[Opening Provided data section]

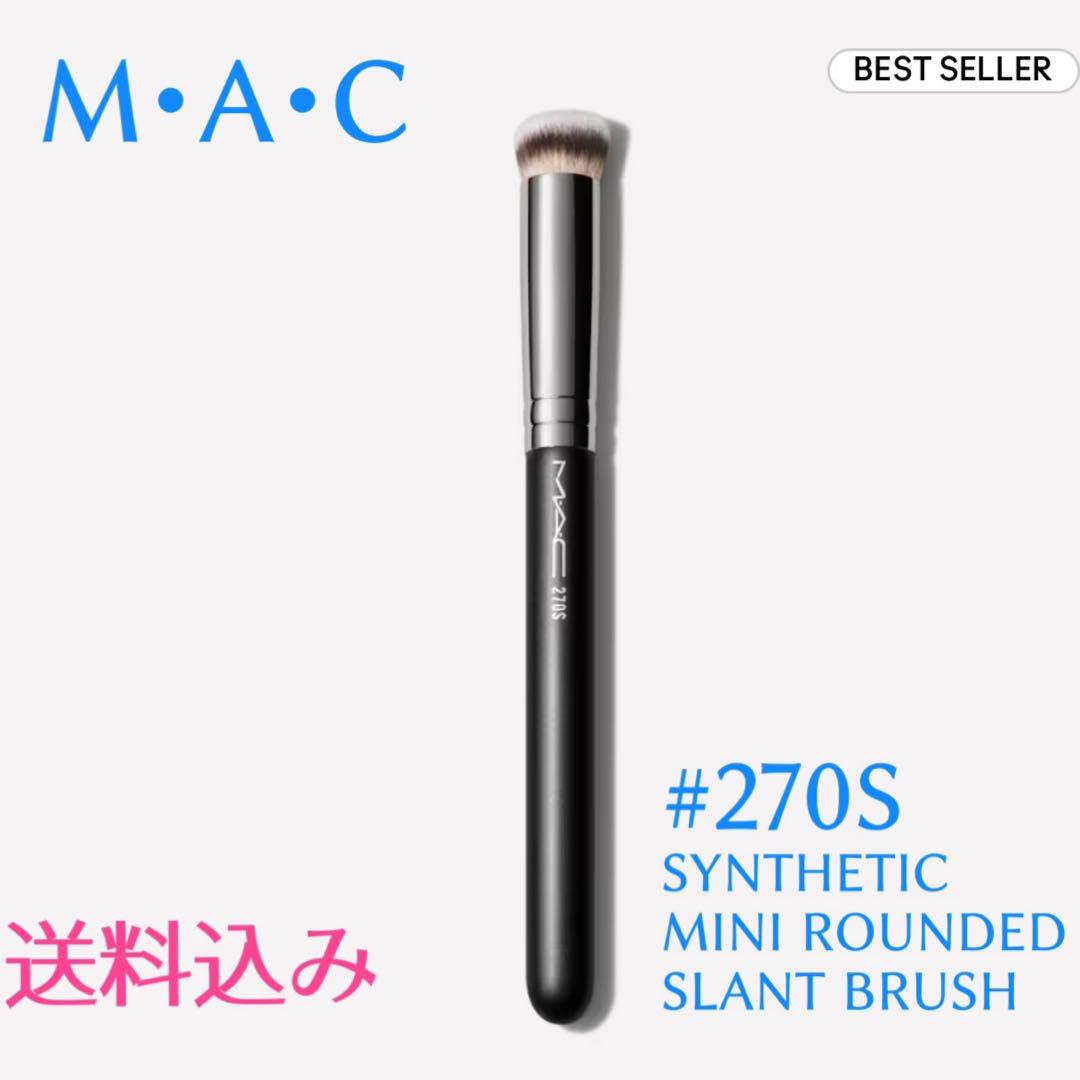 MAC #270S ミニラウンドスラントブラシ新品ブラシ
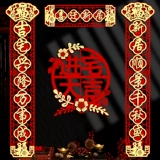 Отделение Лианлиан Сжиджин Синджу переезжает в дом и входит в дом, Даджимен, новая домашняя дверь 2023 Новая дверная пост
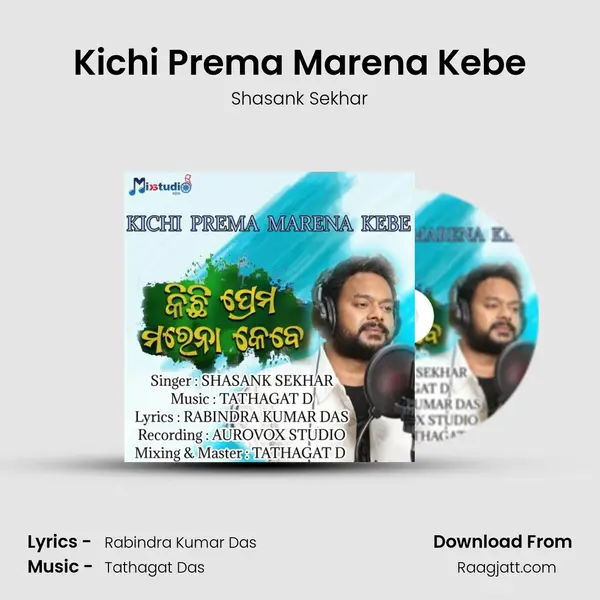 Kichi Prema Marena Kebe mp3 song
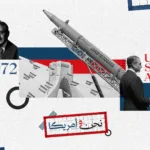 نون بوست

[Closing Provided data section]

▶ _Exercise brief_: Copy the listing in full and without alteration, omitting every picture.

▶ _The answer_:
 MAC #270S ミニラウンドスラントブラシ新品ブラシ
 Отделение Лианлиан Сжиджин Синджу переезжает в дом и входит в дом, Даджимен, новая домашняя дверь 2023 Новая дверная пост
 Kichi Prema Marena Kebe mp3 song
 نون بوست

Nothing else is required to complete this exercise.